Passive agents will wait for the server to reach out to it asking for data. The server sends the agent the template framework and it fills out whatever it can in response. Since the agent is running on the host directly it has access to much lower level components!

Active Agents on the other hand don’t wait for the server to ask for info. They just shove it over in intervals, moving the work from the server to the agent. This is ideal for large scale monitoring but for my less than 50 machines, passive agents will do fine.

With the agent running directly on the machine or VM, I have access to low level components! I don’t even know what half of those CPU items do, but if I need them I have them!

But what do you do when you have a device where an agent can’t be installed or its a device that has no interface? This is where SNMP comes in!

The Simple Network Management Protocol is not Simple

If you thought Discovery Rules were complicated, hold onto your butts! I’d like to think when they named this acronym it was a cruel joke… or it was simple in 1971. Anyway, in Zabbix you can feed it SNMP OID patterns to have it collect data on network devices, printers, IoT devices, whatever takes SNMP really.

I’d say this is where templates come to the rescue but the reality OIDs are super picky. If the template isn’t the exact make and model of whatever you are trying to get info out of, its very likely not going to work. That or your are just going to have the wrong information. The way I cheat through this problem is install snmp on linux so I can use the snmpwalk command. This command basically has the console vomit out all of the OIDs and their values.

Aaand if that all looks like gibberish to you, you are not alone! This is the part I take the entire output, feed it to Grok and ask it to give me the bits I care about. With the right OID numbers I can create items for the host I want to access. If there are enough items or if I have other similar hosts, I’d create a template for this.

Now when my printer runs out of ink, I can get an email for it!

Dashboards: Making Picasso Proud

The last topic I want to drool over is dashboards! Having a bunch of items, triggers and graphs is cool, but wouldn’t it be cooler to see them all at the same time on one screen?! Whats the point in collecting all this data if we can’t display it in a really cool way!

Dashboards, about as powerful as all the ways you can collect info, is a critical part to monitoring the stack. This allows me to organize important data cleanly and efficiently. Notice the legends in the graphs, displaying multiple data sets. The up-time shown as an actual clock counter and the availability shown as a card that changes color depending on its state.
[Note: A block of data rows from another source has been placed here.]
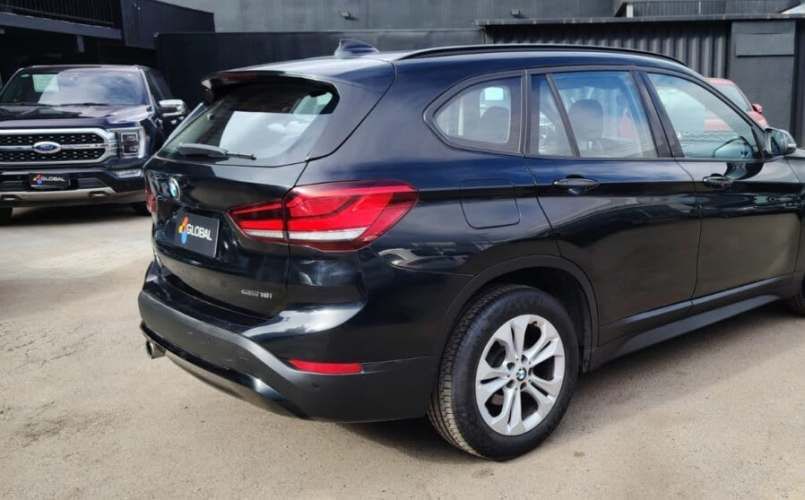 BMW X1 SDRIVE 18DI LCI 1.5 FULL AUT. AÑO 2022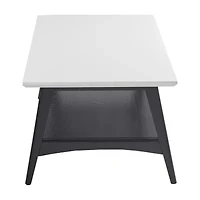 Madison Park Coffee Table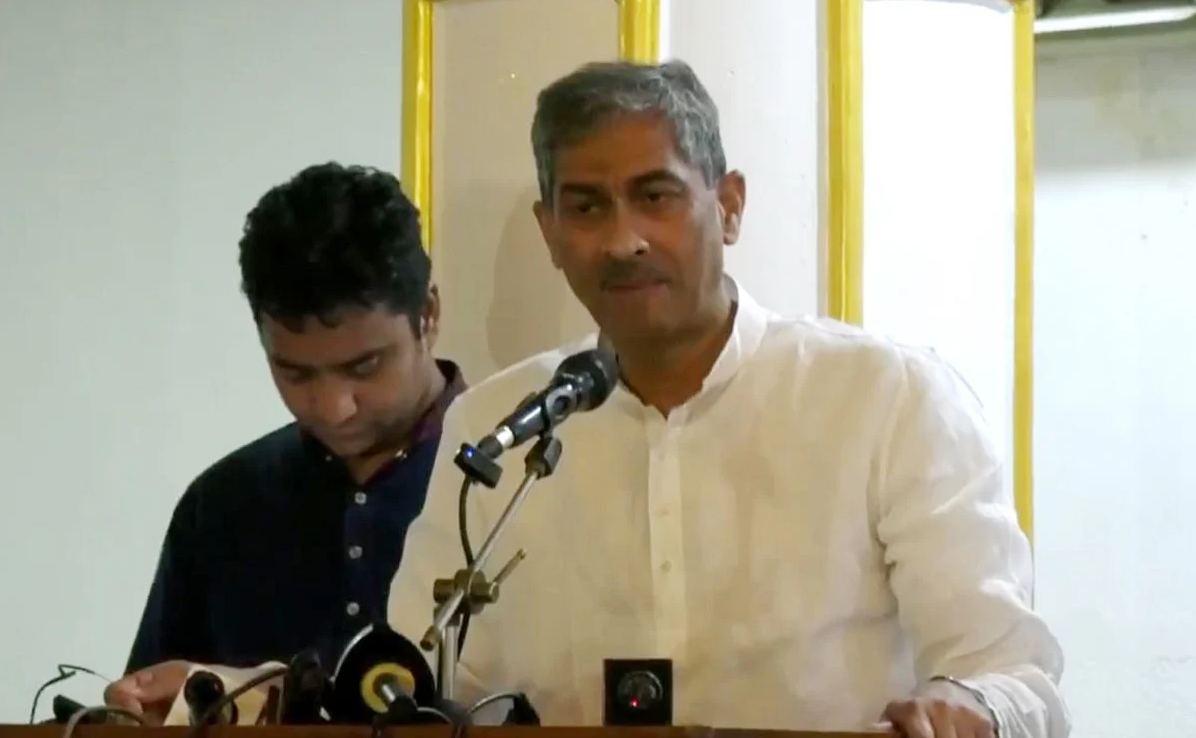 ফ্যাসিবাদের ষড়যন্ত্র শেষ হয়নি, সুদৃঢ় ঐক্য দরকার: শহীদ উদ্দীন চৌধুরী এ্যানি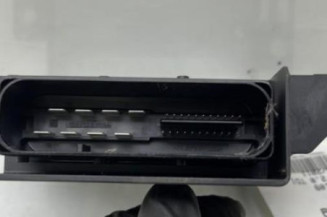 Boitier air bag VOLKSWAGEN PASSAT 5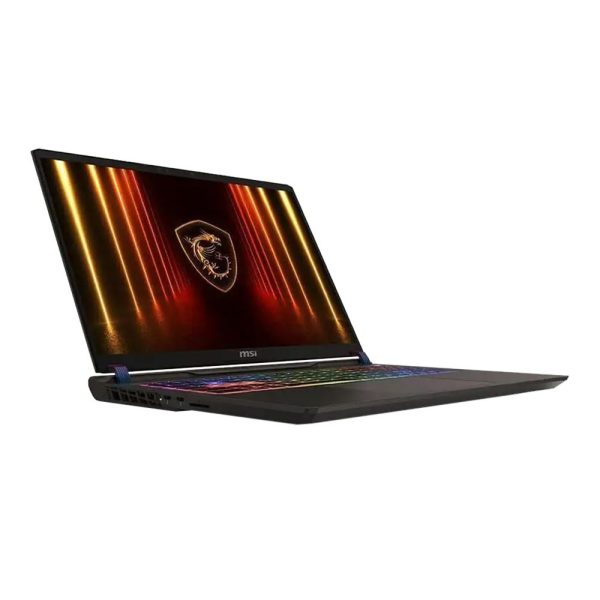 Notebook MSI A2XWIG-420US Core Ultra 9 285HX/32GB/1Tb SSD/RTX5080/18" QHD+/W11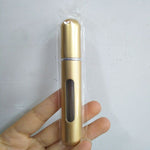 Refillable travel perfume atomizer spray bottle | EX-STOCK Canada product gallery image 5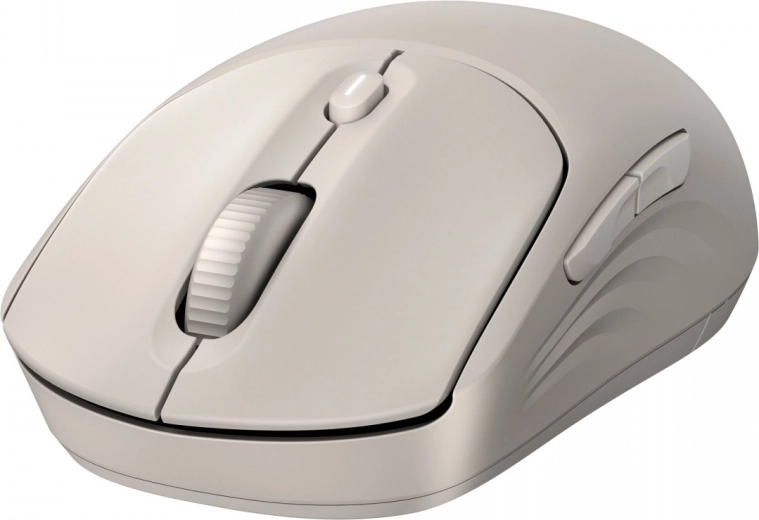Bezdrôtová myš HP 400 Quiet Maple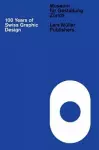 100 Years of Swiss Graphic Design cover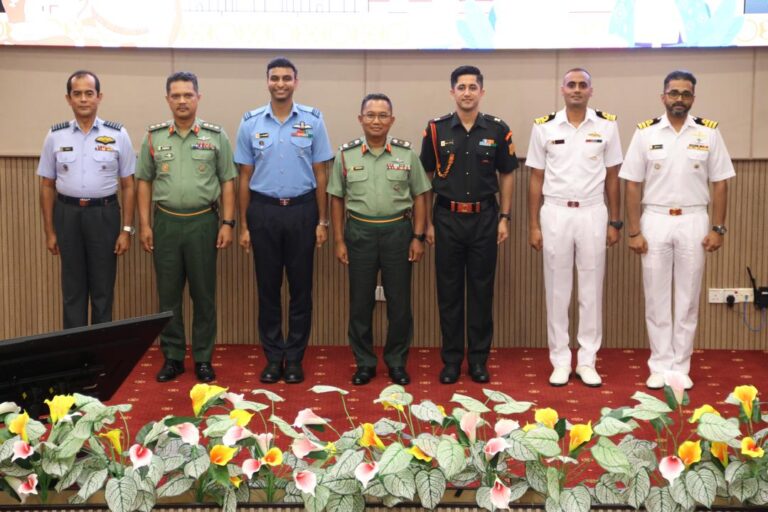 𝐈𝐍𝐃𝐈𝐀 𝟕𝟗𝐓𝐇 𝐈𝐍𝐃𝐄𝐏𝐄𝐍𝐃𝐄𝐍𝐂𝐄 𝐃𝐀𝐘 𝐂𝐄𝐋𝐄𝐁𝐑𝐀𝐓𝐈𝐎𝐍 𝐅𝐎𝐑 𝐌𝐀𝐋𝐀𝐘𝐒𝐈𝐀𝐍 𝐂𝐎𝐌𝐌𝐀𝐍𝐃 𝐀𝐍𝐃 𝐒𝐓𝐀𝐅𝐅 𝐂𝐎𝐔𝐑𝐒𝐄 (𝐉𝐎𝐈𝐍𝐓) 𝐒𝐄𝐑𝐈𝐀𝐋 𝟓𝟒/𝟐𝟎𝟐𝟓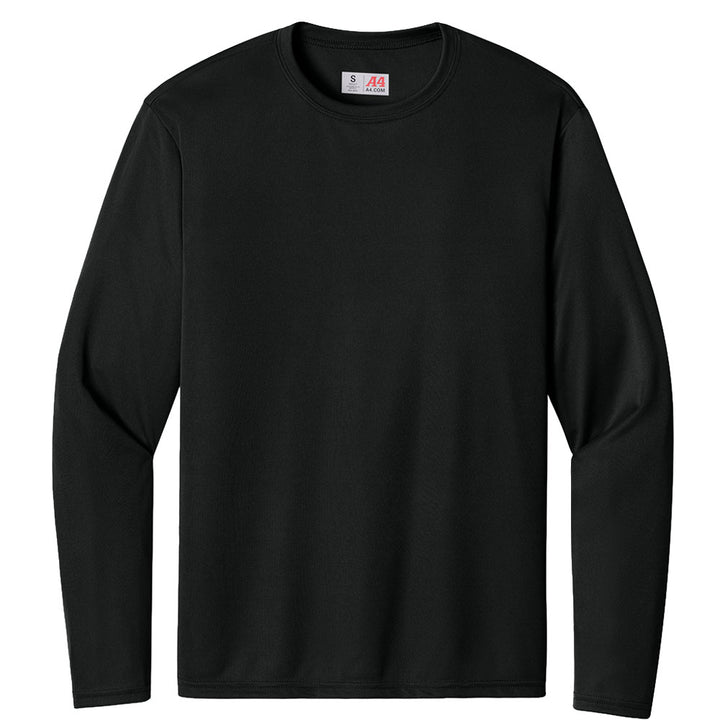 Performance Long Sleeve Shirt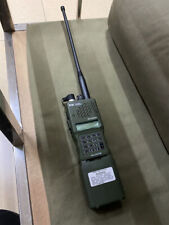NEW Version 15W TRI AN/PRC 152 Multiband 12.6V Handheld MBITR Radios STOCK 2024 picture
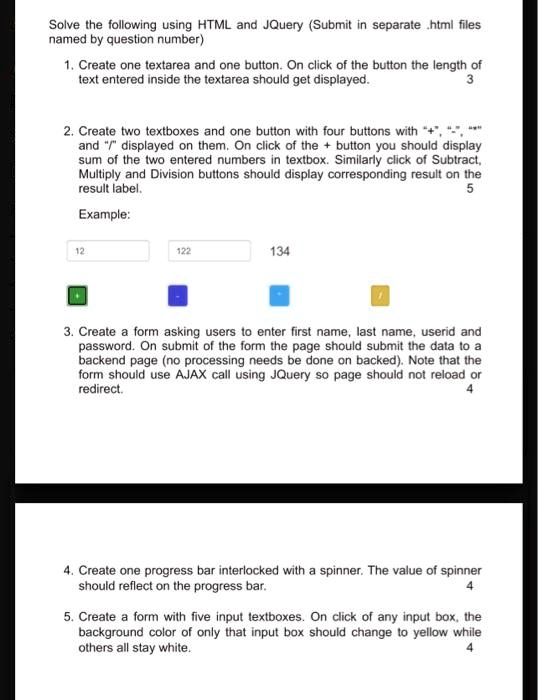 Create Textarea With Line Number Using Jquerylinenumb vrogue.co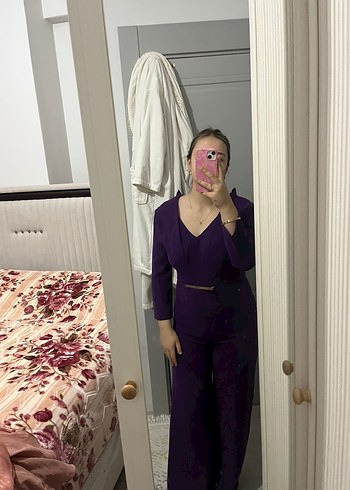 Mor tulum - Görsel 3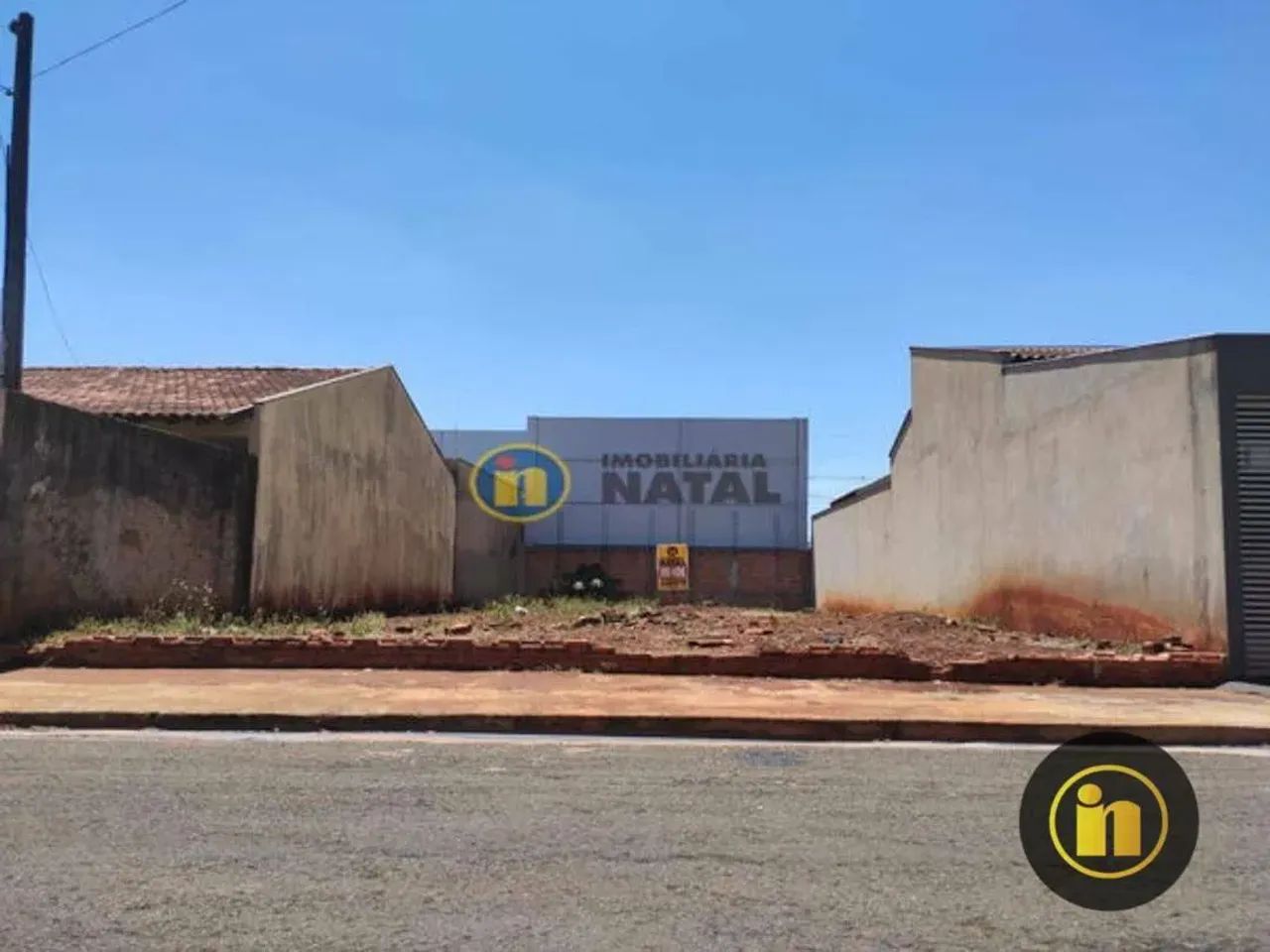 Terreno Residencial à venda, Jardim Pioneiros, Londrina - TE0033. - Foto 4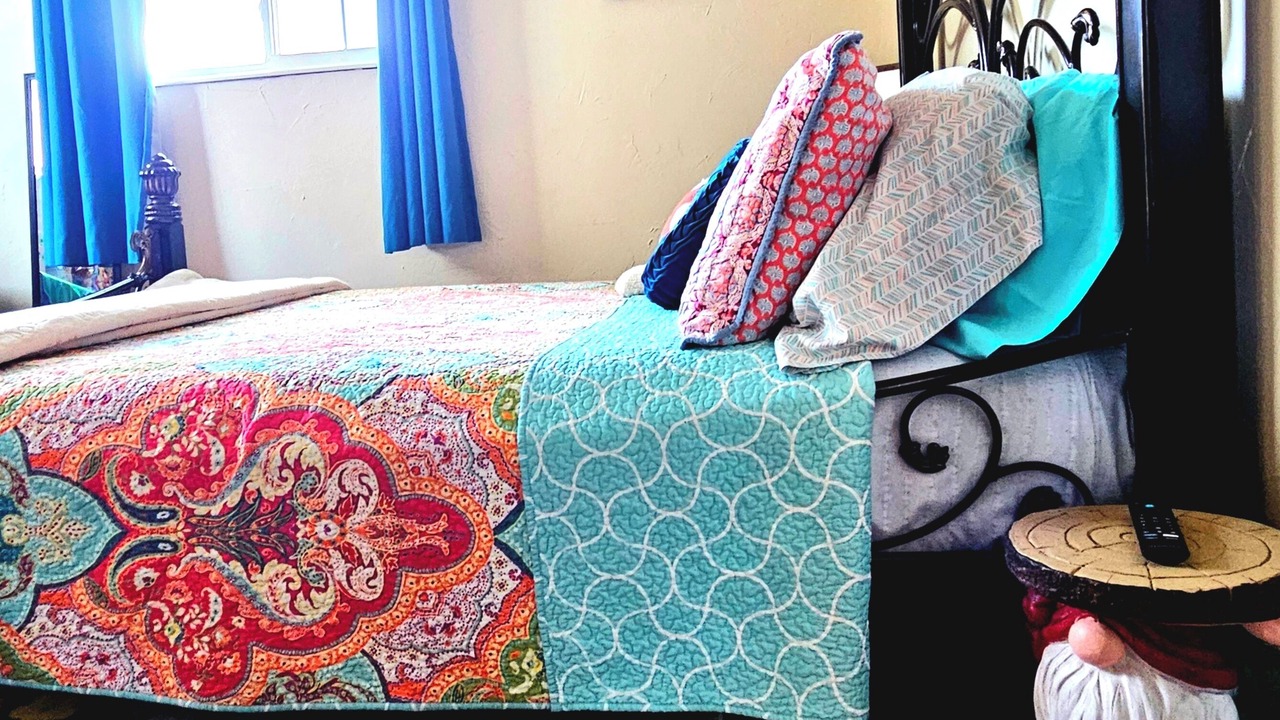 Photo of Bedroom in Midwest City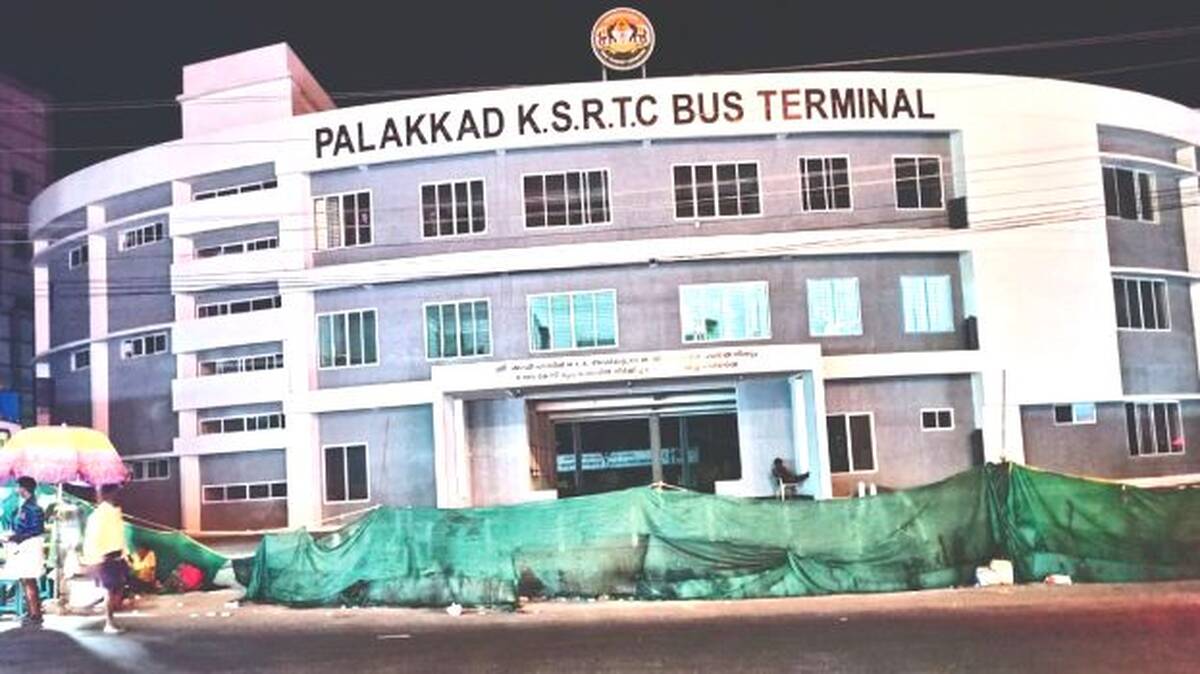 ksrtc
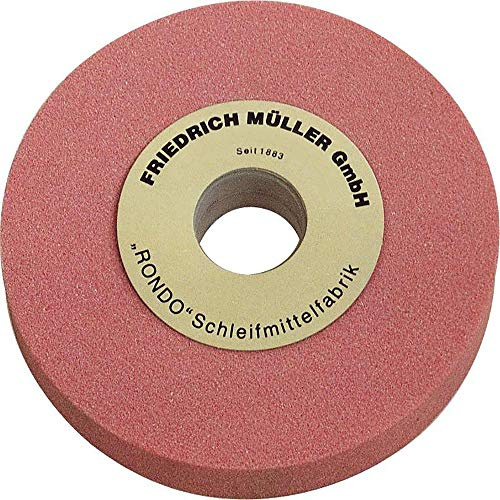 ASW EK2503251M Schleifscheibe EK K60 250x32x51mm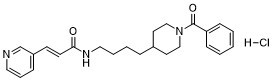 Daporinad (FK866) HCl 1785666-54-7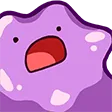 dittoGasp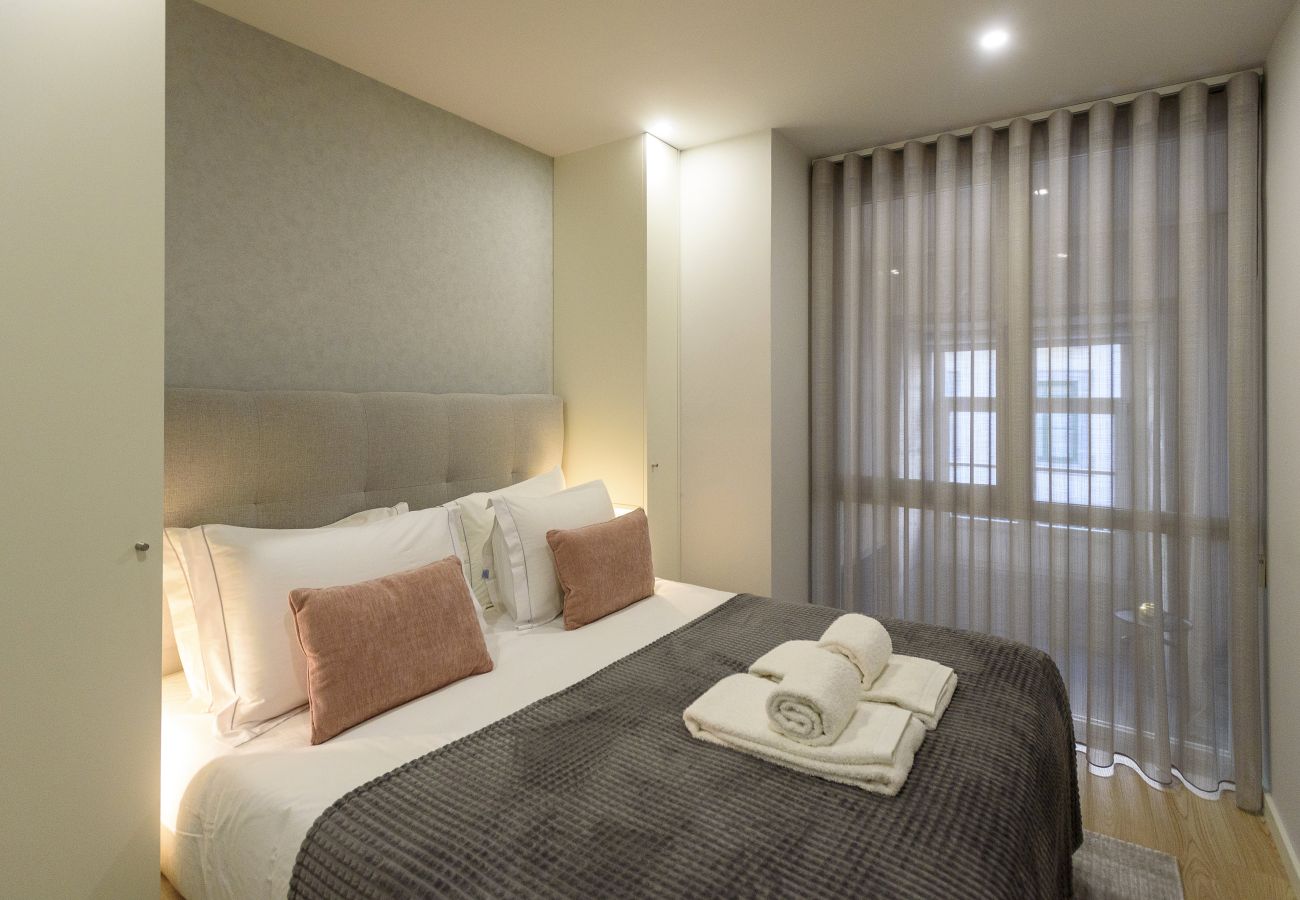 Apartment in Porto - RA - São João 1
You can even do tabs within a dashboard to showcase even more data! In my VM tab, I have it organized where I get a snapshot of how each VM is doing. Again, multi-dataset graphs and gauges that change color depending on how full the disks get. And if you want to drill down how long the disk has been that full? Click on the gauge and it will take you to a history graph!

The Thrill of Getting the 3 AM Alert Email

Having fault tolerant hardware is only part of the equation, it needs to be balanced with a proper alert system. What’s the point of RAID if you don’t know your first drive died a month ago?! It also gives you a chance to see how things are running and if anything is constrained and in need of an upgrade. The more data you can see, the more action you can take. Just not too much data where it’s white noise and everything is on fire.

Well, that is all for this one, next few post will probably be on the technology track since I’m on a roll with these server projects. I do have some 3D printing jobs coming up so we’ll see if we can sneak a post or two about those. Until next time!